Burnside's formula says, count the number of invariant colorings for each rotation, add up those numbers, and divide by the number of rotations. In other words, compute the average number of invariant colorings for a random rotation.
The tetrahedron has $12$ rotations: you can rotate it $120^o$ either way about an axis passing through a vertex and the center of the opposite face, $8$ of those; or $180^o$ about an axis through two opposite edges, $3$ of those; or the $0^o$ identity rotation. Take them case by case.

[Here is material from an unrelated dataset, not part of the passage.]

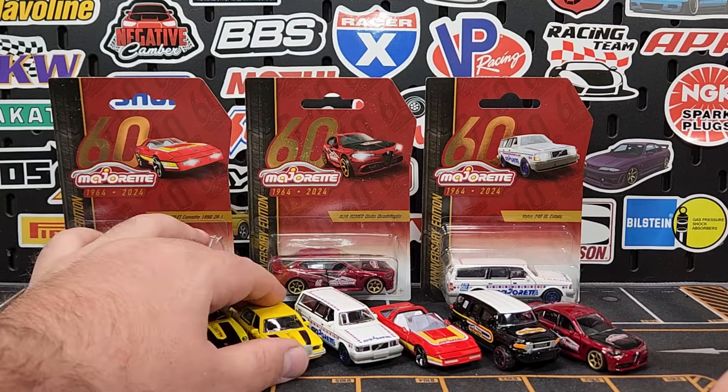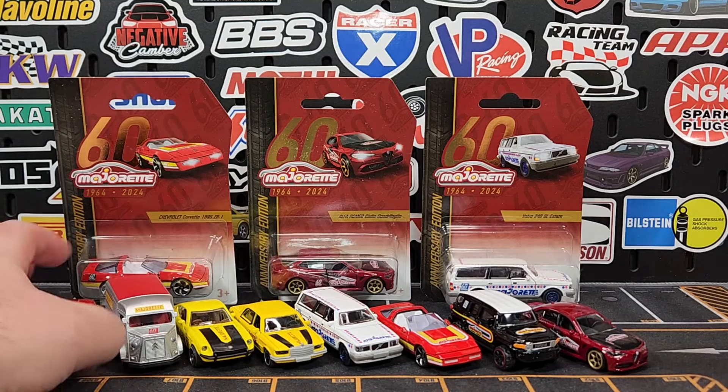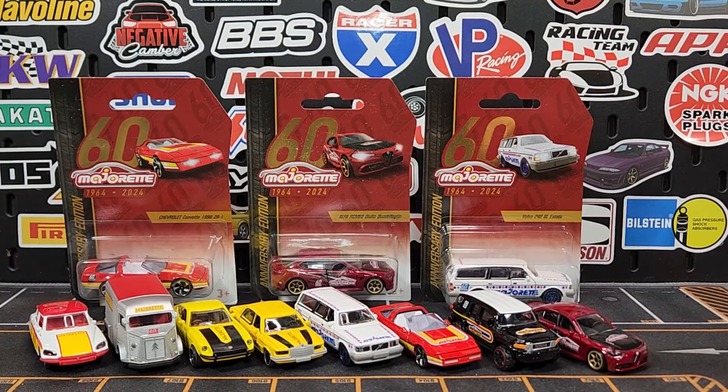So there you have it — the 60th anniversary line from Majorette. Call it standard premium — I'm not sure you can be both, but that's what it is. A slew of eight models completing what we have for Majorette. If you haven't checked anything out, definitely check the Majorette playlist. Until then — appreciate every single one of you, don't forget to subscribe. Level in Diecast, peace.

A $120^o$ rotation about an axis through a vertex $v$: for the coloring to be invariant under this rotation, the three faces adjacent to $v$ have to be the same color; in other words the faces are partitioned into $2$ "orbits", one orbit consisting of the three faces adjacent to $v$, the other orbit containing the remaining face. The number of invariant colorings is $2*2=4$. (If your palette contained $c$ colors, the number of invariant colors would be $c^2$.) $8*4=32$.

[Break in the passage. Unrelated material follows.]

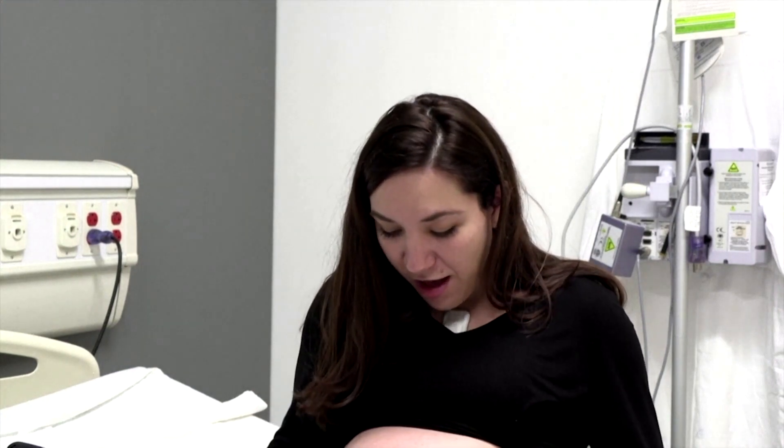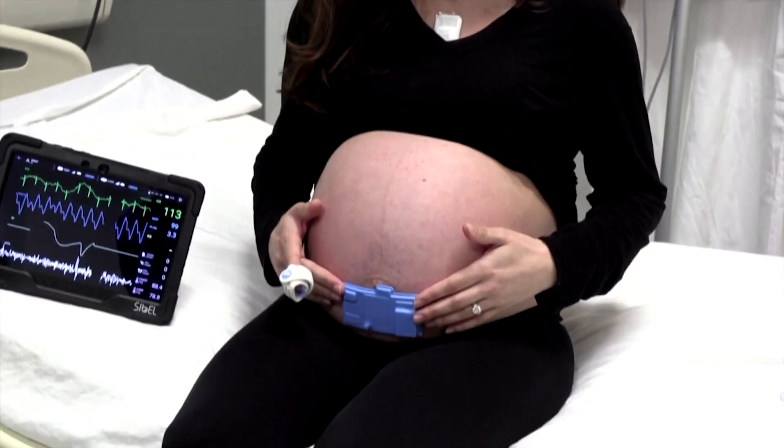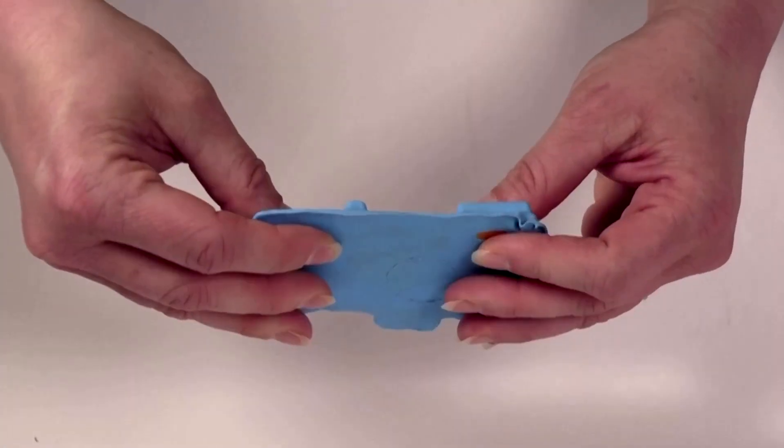Together they're time-synchronized so they can actually generate a wireless blood pressure measurement. The last sensor is the one on my belly, which is measuring uterine contractions and also fetal Doppler — the measurement of the fetal heart rate.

A $180^o$ rotation about an exis through two opposite edges, $e$ and $f$: as it happens, in this case too there are $2$ orbits; the two faces meeting at $e$ belong to one orbit, so they have to be the same color; likewise the two faces meeting at $f$. Again, there are $4$ invariant colorings for each of these rotations. $3*4=12$.
The identity rotation: each face is a separate orbit, all $2^4=16$ colorings are invariant, $1*16=16$.
The final answer to your question is $(8*4+3*4+1*16)/12=60/12=5$. For coloring the faces of a regular tetrahedron with $c$ colors, the number of distinguishable patterns is $\dfrac{11c^2+c^4}{12}$.
Exercise: The number of distinguishable ways to color the faces of a cube red, white, or blue is
$57$